Print the entries exactly; skip the pictures.

## [Task data]
_ _ _ _ _ _ _

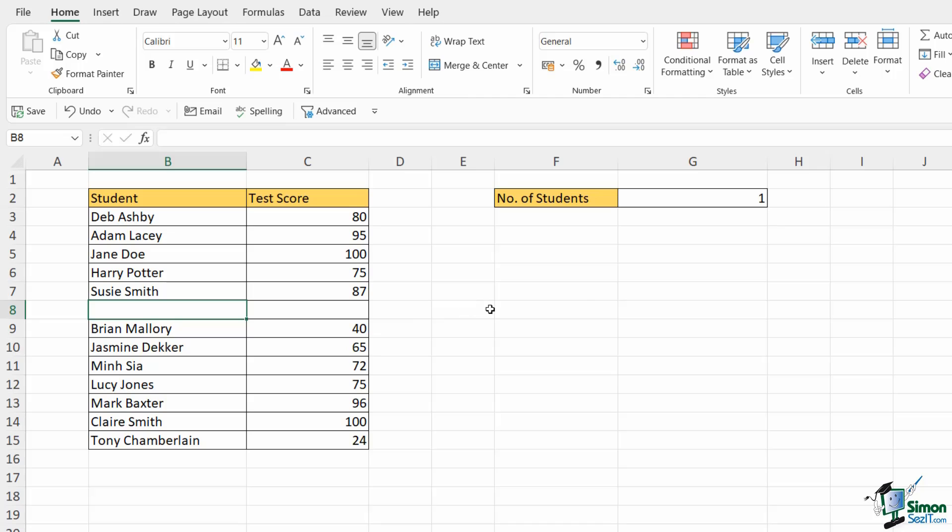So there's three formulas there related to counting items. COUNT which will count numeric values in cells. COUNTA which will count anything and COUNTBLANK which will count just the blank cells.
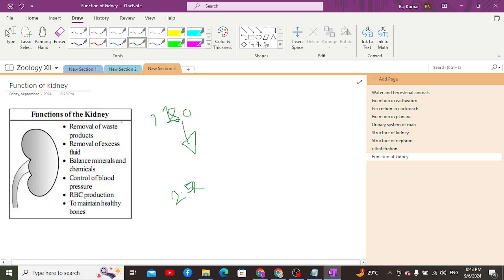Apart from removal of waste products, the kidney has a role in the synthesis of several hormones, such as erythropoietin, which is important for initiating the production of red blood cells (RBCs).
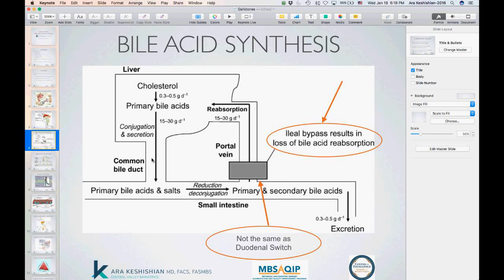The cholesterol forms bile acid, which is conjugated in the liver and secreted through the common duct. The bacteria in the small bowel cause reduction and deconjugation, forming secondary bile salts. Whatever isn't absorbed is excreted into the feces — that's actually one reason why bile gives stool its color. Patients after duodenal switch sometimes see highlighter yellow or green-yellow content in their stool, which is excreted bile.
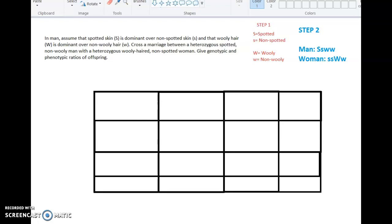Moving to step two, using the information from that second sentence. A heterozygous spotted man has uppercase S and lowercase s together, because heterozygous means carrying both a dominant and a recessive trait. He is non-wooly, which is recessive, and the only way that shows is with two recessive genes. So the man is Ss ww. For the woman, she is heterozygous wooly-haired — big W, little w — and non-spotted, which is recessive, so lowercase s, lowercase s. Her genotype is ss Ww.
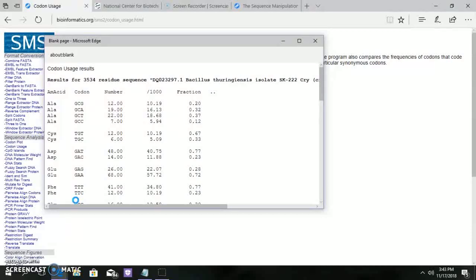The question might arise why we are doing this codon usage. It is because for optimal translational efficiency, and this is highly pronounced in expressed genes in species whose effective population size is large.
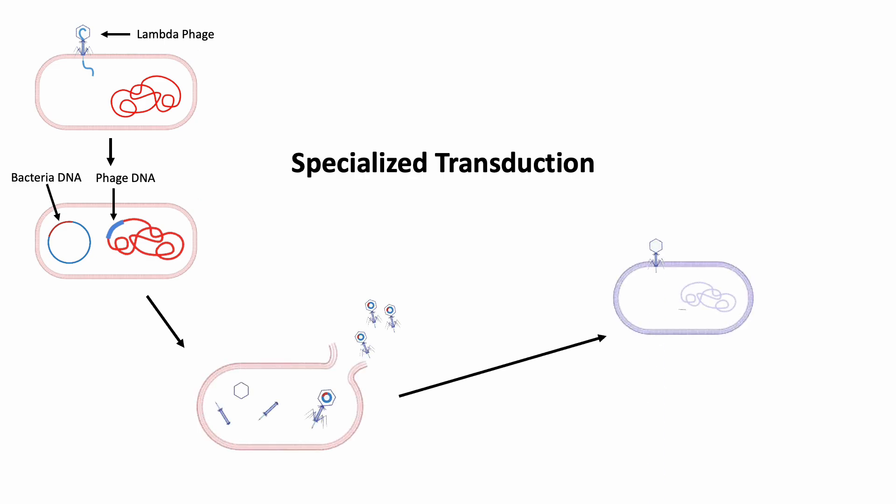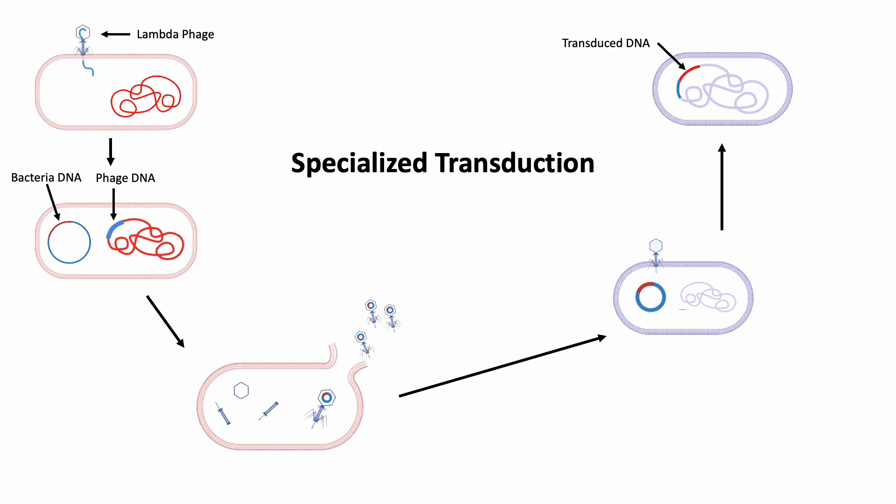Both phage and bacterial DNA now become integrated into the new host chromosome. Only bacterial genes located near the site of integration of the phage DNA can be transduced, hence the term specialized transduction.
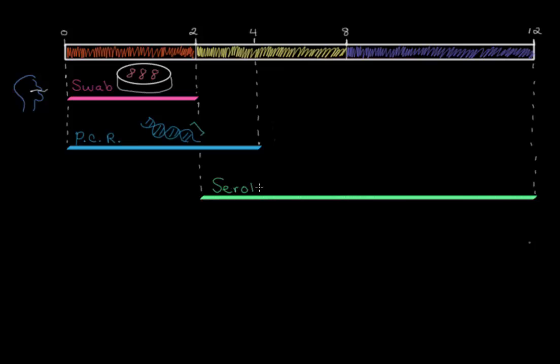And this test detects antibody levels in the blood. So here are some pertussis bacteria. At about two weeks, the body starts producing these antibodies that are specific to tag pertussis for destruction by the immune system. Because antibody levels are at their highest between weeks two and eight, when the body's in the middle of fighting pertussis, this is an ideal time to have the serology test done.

_ _ _ _ _ _ _

## [Written solution]
So there's three formulas there related to counting items. COUNT which will count numeric values in cells. COUNTA which will count anything and COUNTBLANK which will count just the blank cells.
Apart from removal of waste products, the kidney has a role in the synthesis of several hormones, such as erythropoietin, which is important for initiating the production of red blood cells (RBCs).
The cholesterol forms bile acid, which is conjugated in the liver and secreted through the common duct. The bacteria in the small bowel cause reduction and deconjugation, forming secondary bile salts. Whatever isn't absorbed is excreted into the feces — that's actually one reason why bile gives stool its color. Patients after duodenal switch sometimes see highlighter yellow or green-yellow content in their stool, which is excreted bile.
Moving to step two, using the information from that second sentence. A heterozygous spotted man has uppercase S and lowercase s together, because heterozygous means carrying both a dominant and a recessive trait. He is non-wooly, which is recessive, and the only way that shows is with two recessive genes. So the man is Ss ww. For the woman, she is heterozygous wooly-haired — big W, little w — and non-spotted, which is recessive, so lowercase s, lowercase s. Her genotype is ss Ww.
The question might arise why we are doing this codon usage. It is because for optimal translational efficiency, and this is highly pronounced in expressed genes in species whose effective population size is large.
Both phage and bacterial DNA now become integrated into the new host chromosome. Only bacterial genes located near the site of integration of the phage DNA can be transduced, hence the term specialized transduction.
And this test detects antibody levels in the blood. So here are some pertussis bacteria. At about two weeks, the body starts producing these antibodies that are specific to tag pertussis for destruction by the immune system. Because antibody levels are at their highest between weeks two and eight, when the body's in the middle of fighting pertussis, this is an ideal time to have the serology test done.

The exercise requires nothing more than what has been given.